Credit | Winam via Flickr

 

A recent proposal to reopen two of Italy’s smallest islands that have served as prisons made headlines last May. With Italy’s prisons on the brink of disaster from overcapacity, Italy’s minister of justice Paola Severino said she was considering the idea of reopening the now-closed maximum-security prisons on the islands of Asinara, off the northern coast of Sardinia, and Pianosa, one of the seven isles of the Tuscan archipelago.

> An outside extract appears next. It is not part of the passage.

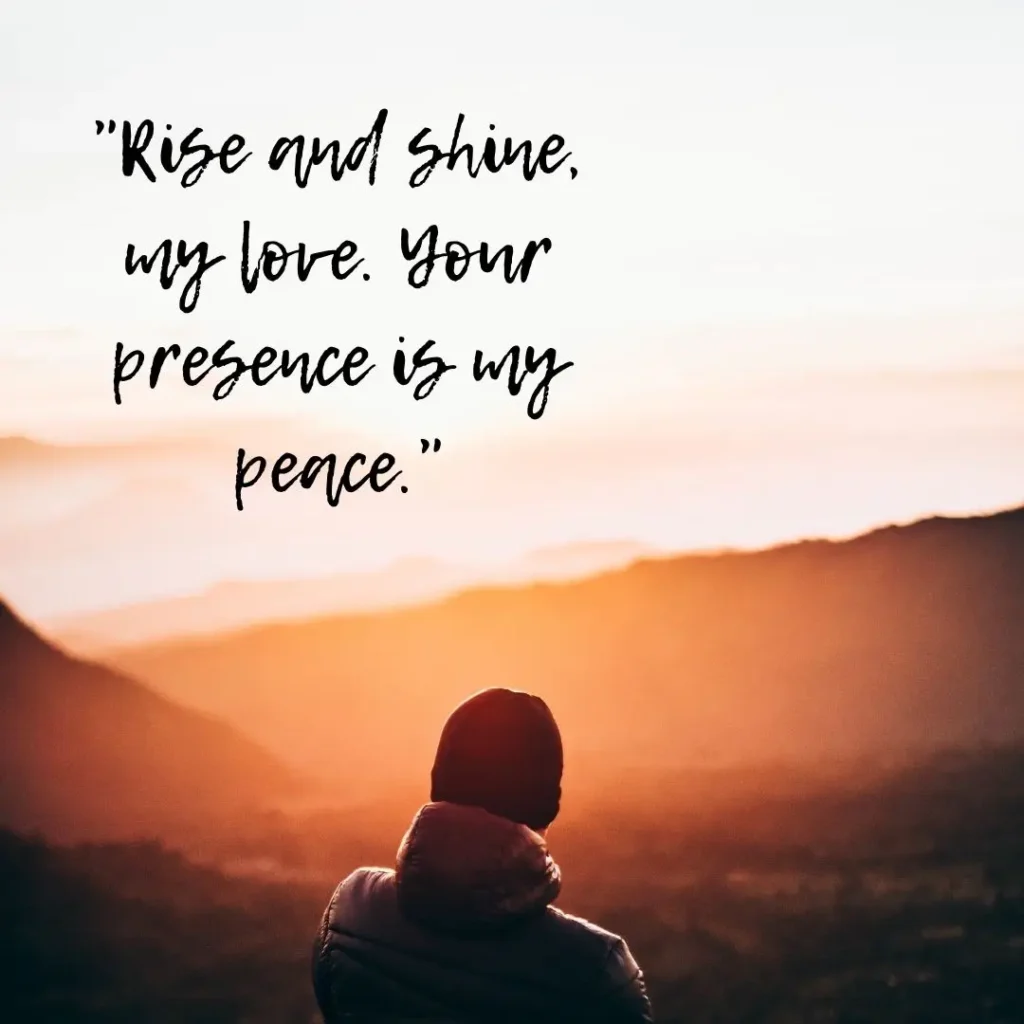 Good Morning Sweetheart Quotes to Melt Their Heart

Severino soon modified the proposal, reassuring authorities in Sardinia that the prison in Asinara will not be re-opened, while the detention centre that once housed Italy’s most dangerous mafiosos on Pianosa will be part of a pilot project to return inmates who will help maintain and develop the island’s green areas and protect its delicate ecosystem.

 

But Tuscany has another ‘Rock’ that many locals and travellers do not know about: Gorgona. Emiko Davies visited this Tuscan island prison-paradise inhabited by inmates of another experimental detention centre.

 

Gorgona, the splendid, uncontaminated island that represents the smallest of the islands of the Tuscan archipelago, is a fascinating place, rich in history. But it is not your regular island. It is the home of the Casa di Reclusione, an experimental, forward-thinking detention centre.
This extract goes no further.